# Couple of Butt shots.



## robertwsimpson (Jul 28, 2010)

3 Exposure HDR images.  Hope you enjoy, and C&C is always welcome!


----------



## Neil S. (Jul 28, 2010)

These are real nice.

Can you please give us the body/lens/settings please?

I like the bokeh in #1, outstanding.

Although I like #2, I feel that slightly more DOF to show the Aston Martin badge in focus might have been better. Maybe cropped slightly looser too.


----------



## robertwsimpson (Jul 28, 2010)

Thanks for the compliments and comments.

Canon 50d W/ 70-200 f/2.8 IS
first was: ISO100, f/4, 200mm, 1/160 sec +-1 1/3 EV bracketing
second was: ISO400, f/4, 200mm, 1/500 sec +-2 EV bracketing


----------



## wwwphil (Jul 28, 2010)

I like the increasing blur enhances well, congratulations.


----------



## Robin Usagani (Jul 28, 2010)

Why do you feel you need to do HDR here?


----------



## Neil S. (Jul 28, 2010)

robertwsimpson said:


> Thanks for the compliments and comments.
> 
> Canon 50d W/ 70-200 f/2.8 IS
> first was: ISO100, f/4, 200mm, 1/160 sec +-1 1/3 EV bracketing
> second was: ISO400, f/4, 200mm, 1/500 sec +-2 EV bracketing


 
The Canon 70-200mm 2.8L IS (I & II) are such amazing lenses. I am so glad I got one, worth every last penny.

I hear that the bokeh on the version I is actually superior to the version II.

From the looks of this shot I feel thats probably true, that lens has some seriously beautiful bokeh! :thumbup:


----------



## robertwsimpson (Jul 28, 2010)

Schwettylens said:


> Why do you feel you need to do HDR here?
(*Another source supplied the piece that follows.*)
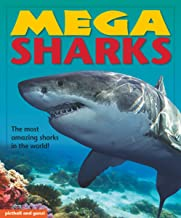 MEGA SHARKS - The most amazing sharks in the world! (Age 3+)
Scene included dynamic range that was past what one exposure could capture effectively.  Especially at ISO400.


----------



## robertwsimpson (Jul 28, 2010)

Neil S. said:


> robertwsimpson said:
> 
> 
> > Thanks for the compliments and comments.
> ...



thanks


----------



## Josh66 (Jul 28, 2010)

Some nice looking ladies there, lol.

You must have some cool friends to let you just set up a tripod and everything right in the middle of an Aston Martin show room...

They both seem like they could use a little more DOF though.  Especially the last one.
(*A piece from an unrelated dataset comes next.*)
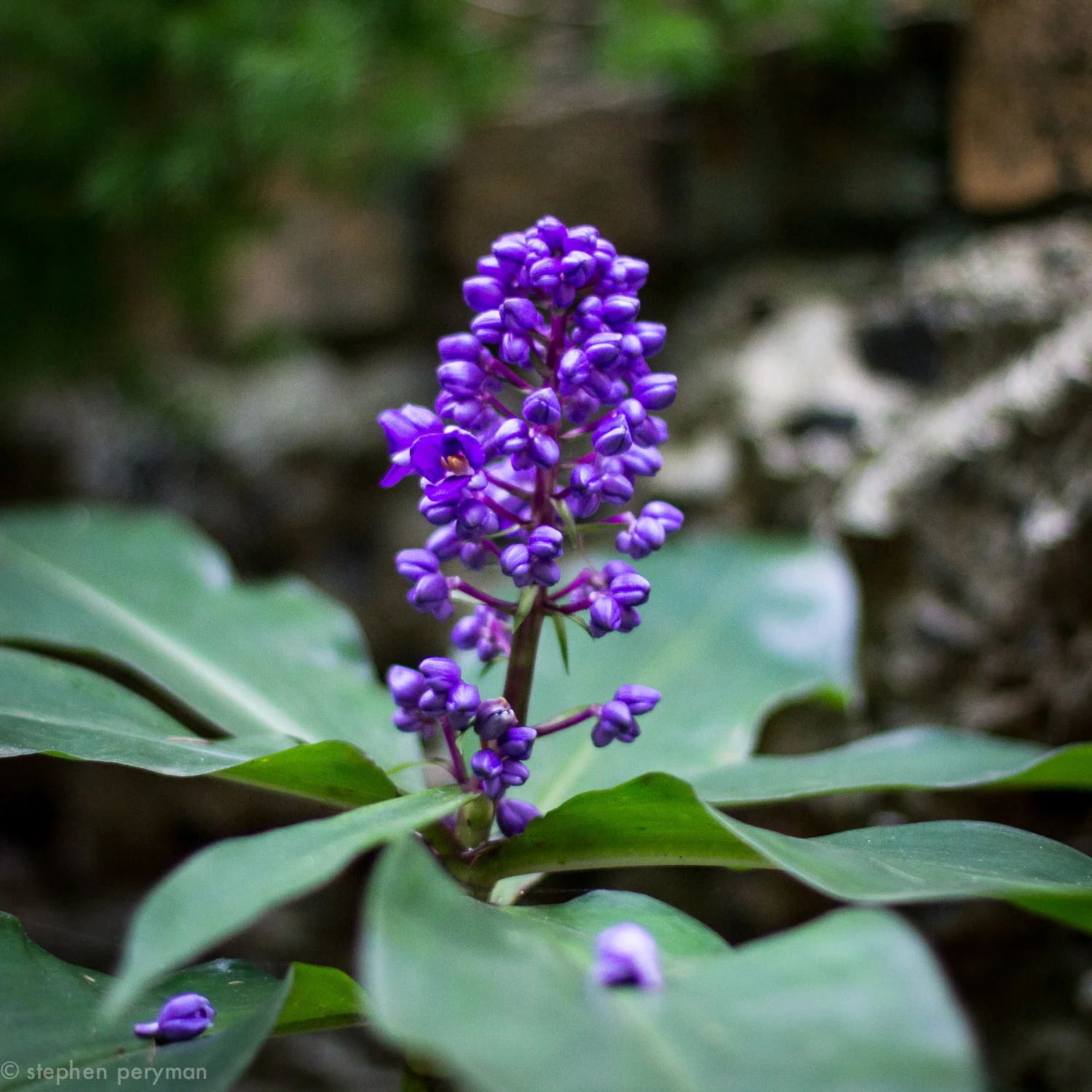 purple-4146.jpg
Actually, on the last one - I think a step or two back and to the side would have helped.


robertwsimpson said:


> 3 Exposure HDR images.



Didn't even notice - so, well done.  :thumbup:


----------



## robertwsimpson (Jul 28, 2010)

These are handheld

if I wanted to set up a tripod, it wouldn't be a problem, though, as this is where I work.


----------



## Neil S. (Jul 28, 2010)

robertwsimpson said:


> These are handheld
> 
> if I wanted to set up a tripod, it wouldn't be a problem, though, as this is where I work.


 
Ya its unreal how well the latest generation IS works.


----------



## McNugget801 (Jul 28, 2010)

no need for HDR here.. its almost as if you use HDR as a crutch.


----------



## Josh66 (Jul 28, 2010)

McNugget801 said:


> no need for HDR here.. its almost as if you use HDR as a crutch.
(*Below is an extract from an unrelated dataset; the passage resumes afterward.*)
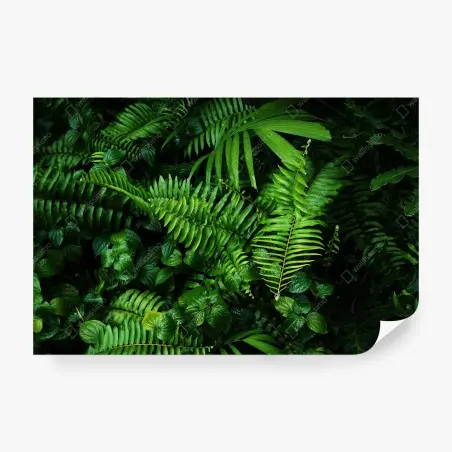 Wall mural lush tropical fern leaves • Wallissimo®
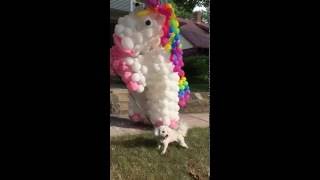 Conrad the Unicorn Walks the Dog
Sorry, but I don't see how you could possibly say that without having been there, and seen the light.  I would have never known it was HDR if he hadn't said so (which is good).  That doesn't mean there was no need for it - maybe without it, the details outside the window would be blown out...  Who knows...  I wasn't there, so I have no clue.

And I don't generally even like HDR...

Hell, FILM is HDR, compared to digital.  Is that a crutch?  I get shots straight off the scanner that just aren't possible in one digital frame.  Yes, it's a small difference, but it is a difference.


----------



## Neil S. (Jul 28, 2010)

McNugget801 said:


> no need for HDR here.. its almost as if you use HDR as a crutch.


 
#1 is a good shot though

#2 had some really great potential if composed slightly better as well

Does it really matter if he uses HDR or not if they are good shots?

I don't personally think so.


----------



## McNugget801 (Jul 28, 2010)

O|||||||O said:


> And I don't generally even like HDR...
> 
> Hell, FILM is HDR, compared to digital.  Is that a crutch?  I get shots straight off the scanner that just aren't possible in one digital frame.  Yes, it's a small difference, but it is a difference.



I shoot plenty of HDR 
Robert here just uses HDR to make up for his lack of skills.


----------



## Neil S. (Jul 28, 2010)

McNugget801 said:


> O|||||||O said:
> 
> 
> > And I don't generally even like HDR...
> ...


 
I got to tell you that you are out of line here pal.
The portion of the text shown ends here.